> _Exercise instructions_
The reply must consist of the complete listing, reproduced exactly, with no images included.

> _Data extract_
***

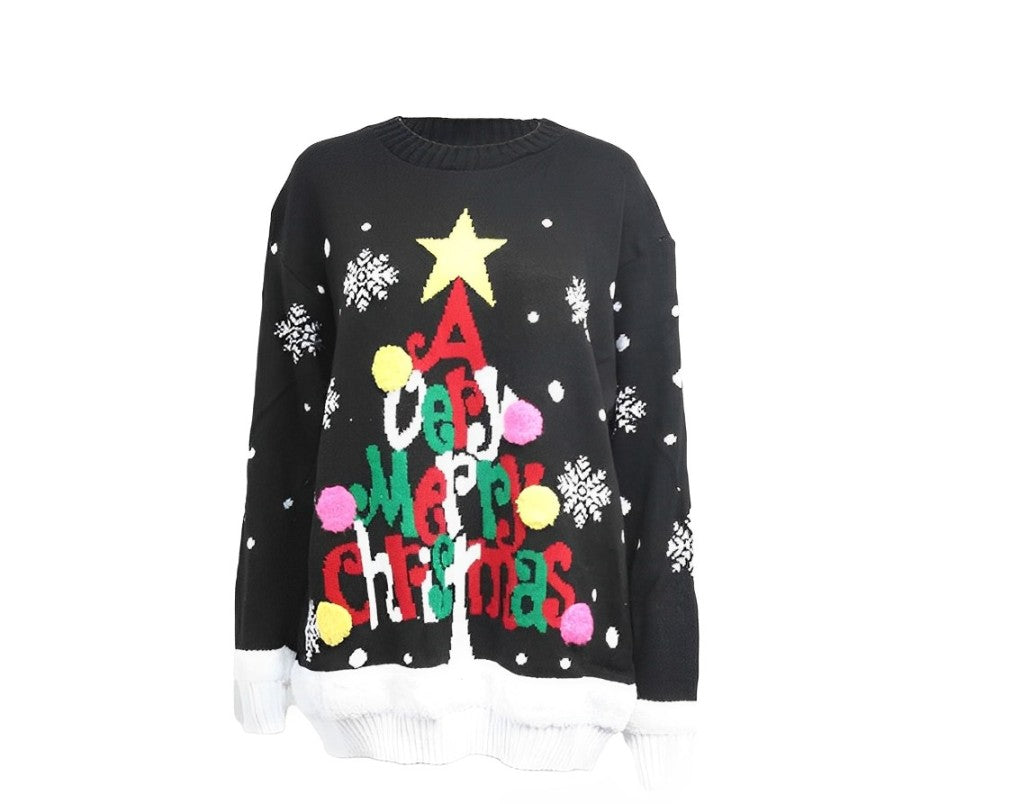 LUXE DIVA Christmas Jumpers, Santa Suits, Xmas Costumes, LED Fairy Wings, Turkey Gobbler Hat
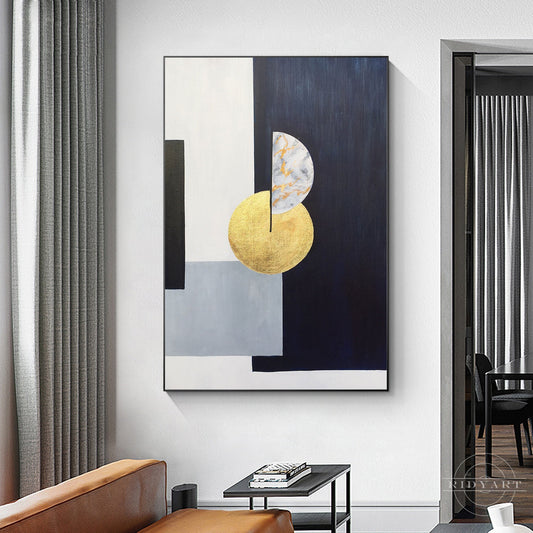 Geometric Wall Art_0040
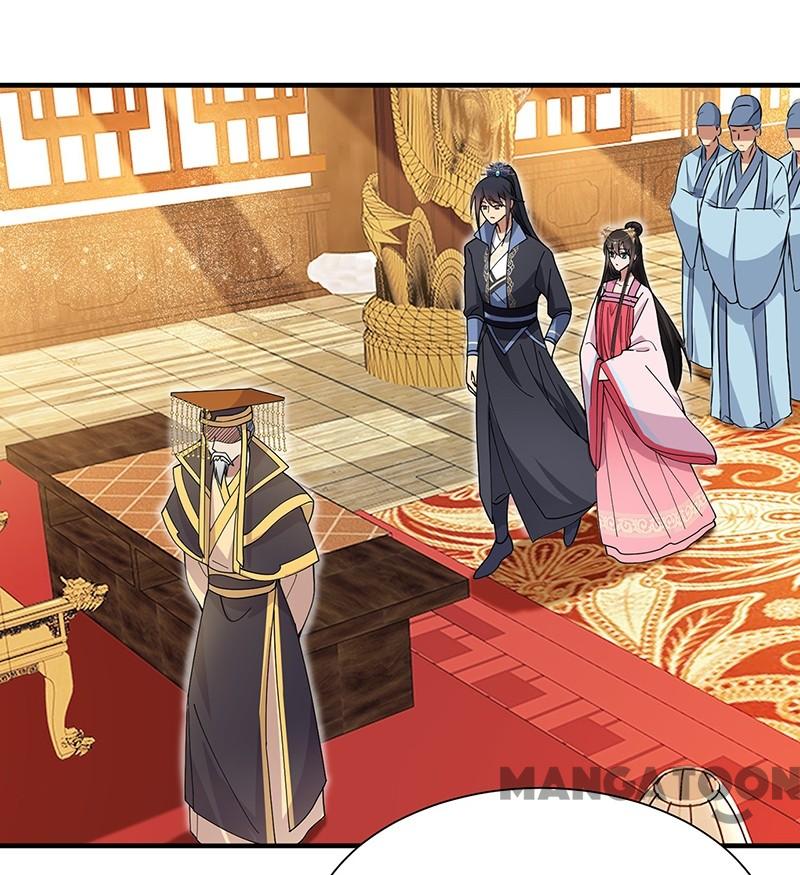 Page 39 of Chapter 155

***

> _Answer to this problem_
 LUXE DIVA Christmas Jumpers, Santa Suits, Xmas Costumes, LED Fairy Wings, Turkey Gobbler Hat
 Geometric Wall Art_0040
 Page 39 of Chapter 155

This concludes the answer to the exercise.